カペル&クーセヴィツキー&ボストン響によるハチャトゥリアンのピアノ協奏曲(1946年録音)を聴いてみました。
NML(ナクソス・ミュージック・ライブラリー)に収蔵されている音盤での鑑賞になります。

カペル(1922-1953)は、31歳の時に飛行機事故で没したアメリカ人ピアニスト。この曲は、カペルの十八番だったようです。

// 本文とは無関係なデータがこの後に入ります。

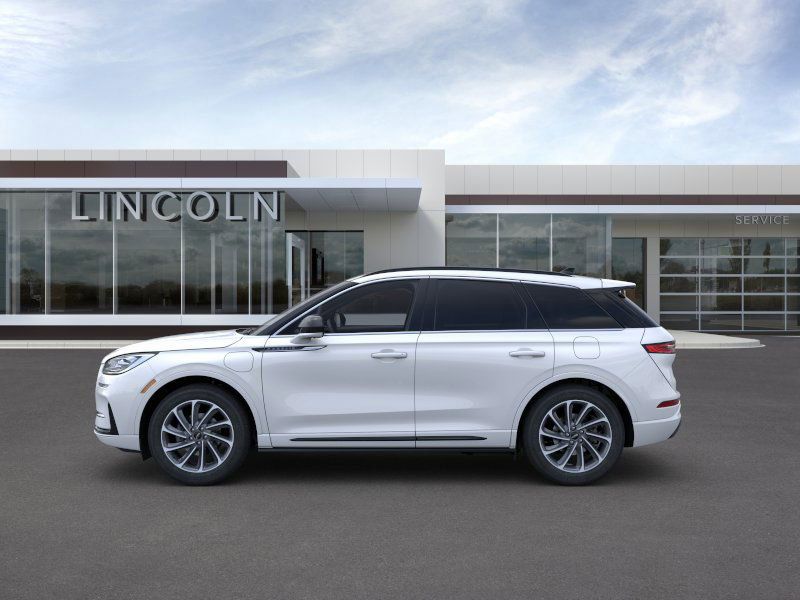 2025 Lincoln Corsair Grand Touring photo 3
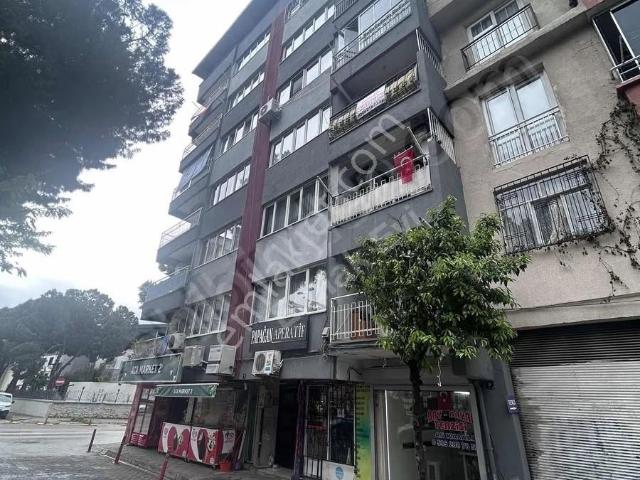 Emlak Evi'nden Kombili Asansörlü Mükemmel Konumlu 2+1 Daire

奔放で剛毅な演奏となっています。鮮烈でもある。音楽が沸騰しているとも言いたくなる。もっと言えば、狂気のようなものすら感じられる。
とは言え、大袈裟に振る舞っているような素振りは微塵も感じられません。あくまでも作品の枠をはみ出ない中で、煽情的で活力のある音楽を作り上げている、といった感じ。しかも、演奏に当たっての姿勢は、頗る真摯なもの。
この作品は(そして、ハチャトゥリアンの多くの作品は)、ある種の「野性味」を帯びていると思うのですが、そのような性格を削ぐことなく、そのうえで「洗練味」を加えたような演奏になっている。そして、瑞々しい感性が満ち溢れている。息遣いが実に自然であり、かつ、豊かでもある。
更には、テクニックの切れが抜群。音の粒立ちが鮮やか。最終楽章などでは、実に煌びやかな響きをしています。しかも、それらのことが、これ見よがしに示されるようなことは皆無で、ひたすら音楽の内奥へと切り込んでゆくためだけに奉仕しているとしか思えないところが、実に尊いと言いたい。
そのようなカペルをサポートするクーセヴィツキーの指揮がまた、切れ味抜群。鮮烈でもある。それでいて、過度に機械的にならずに、適度な潤いが感じられもする。その辺りは、ボストン響の体質にも依るのかもしれません。

この作品ならではのエキゾティックな感興を十分に滲ませながら、逞しい生命力を湛えた音楽を奏で上げつつ、純音楽的な美しさを備えた演奏が展開されている。
いやはや、なんとも見事な、そして、魅力的な演奏であります。